>>>

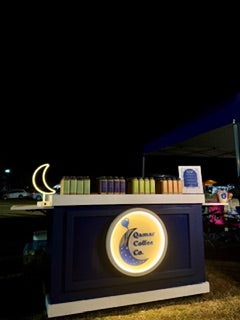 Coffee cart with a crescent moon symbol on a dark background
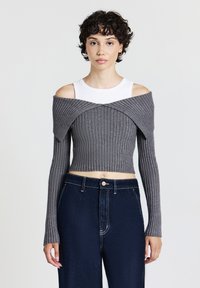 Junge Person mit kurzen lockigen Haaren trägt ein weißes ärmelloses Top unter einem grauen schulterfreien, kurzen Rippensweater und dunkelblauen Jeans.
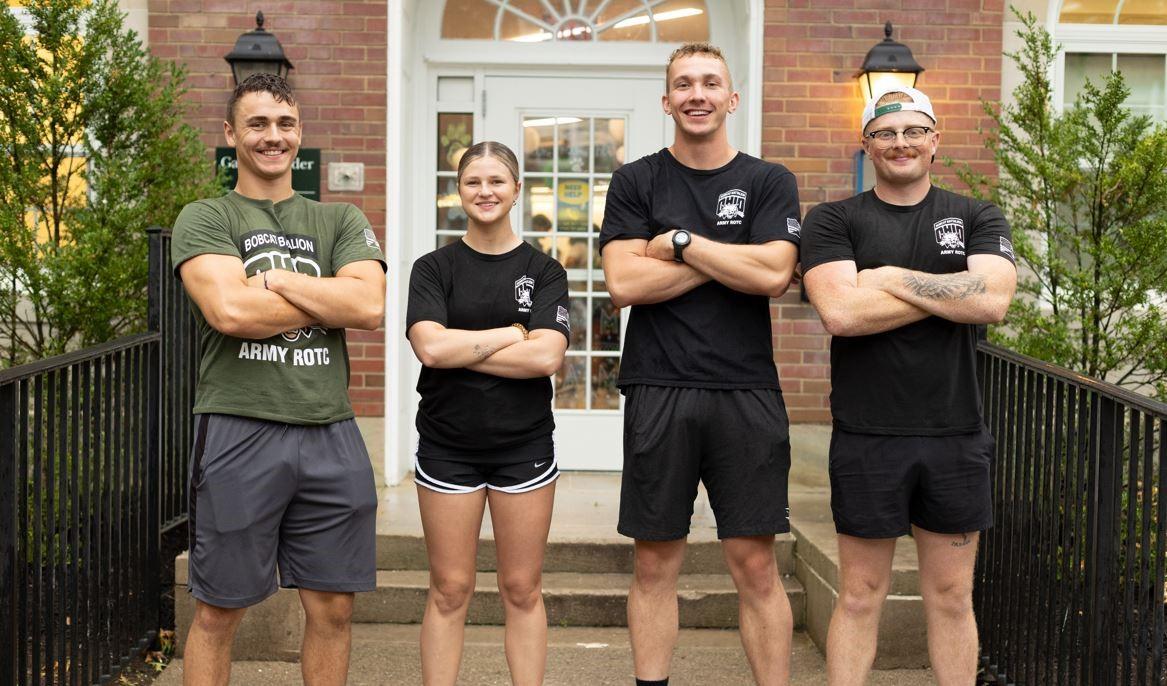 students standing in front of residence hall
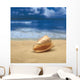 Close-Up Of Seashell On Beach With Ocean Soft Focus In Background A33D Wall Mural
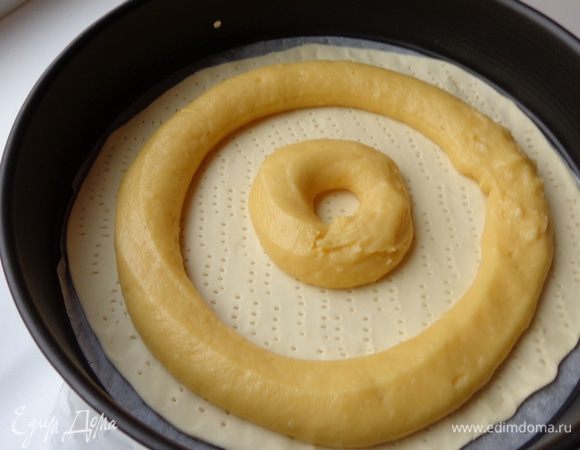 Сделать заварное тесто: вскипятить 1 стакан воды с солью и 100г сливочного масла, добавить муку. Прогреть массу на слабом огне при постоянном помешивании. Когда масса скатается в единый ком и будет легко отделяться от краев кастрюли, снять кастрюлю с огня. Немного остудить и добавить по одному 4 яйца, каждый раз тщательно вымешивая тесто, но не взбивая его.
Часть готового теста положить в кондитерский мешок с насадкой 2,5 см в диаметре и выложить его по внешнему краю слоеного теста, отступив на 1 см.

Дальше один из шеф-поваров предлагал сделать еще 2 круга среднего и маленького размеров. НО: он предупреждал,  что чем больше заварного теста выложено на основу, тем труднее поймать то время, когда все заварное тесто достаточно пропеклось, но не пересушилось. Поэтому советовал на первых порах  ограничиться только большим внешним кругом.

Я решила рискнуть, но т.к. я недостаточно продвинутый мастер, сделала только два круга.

<<<
>>>

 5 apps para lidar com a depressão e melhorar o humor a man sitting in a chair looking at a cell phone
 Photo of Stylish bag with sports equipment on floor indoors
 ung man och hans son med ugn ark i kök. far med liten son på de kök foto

<<<

Activity: Within the lines above, find those holding the word "круга" and copy them.

Your response:
Дальше один из шеф-поваров предлагал сделать еще 2 круга среднего и маленького размеров. НО: он предупреждал,  что чем больше заварного теста выложено на основу, тем труднее поймать то время, когда все заварное тесто достаточно пропеклось, но не пересушилось. Поэтому советовал на первых порах  ограничиться только большим внешним кругом.
Я решила рискнуть, но т.к. я недостаточно продвинутый мастер, сделала только два круга.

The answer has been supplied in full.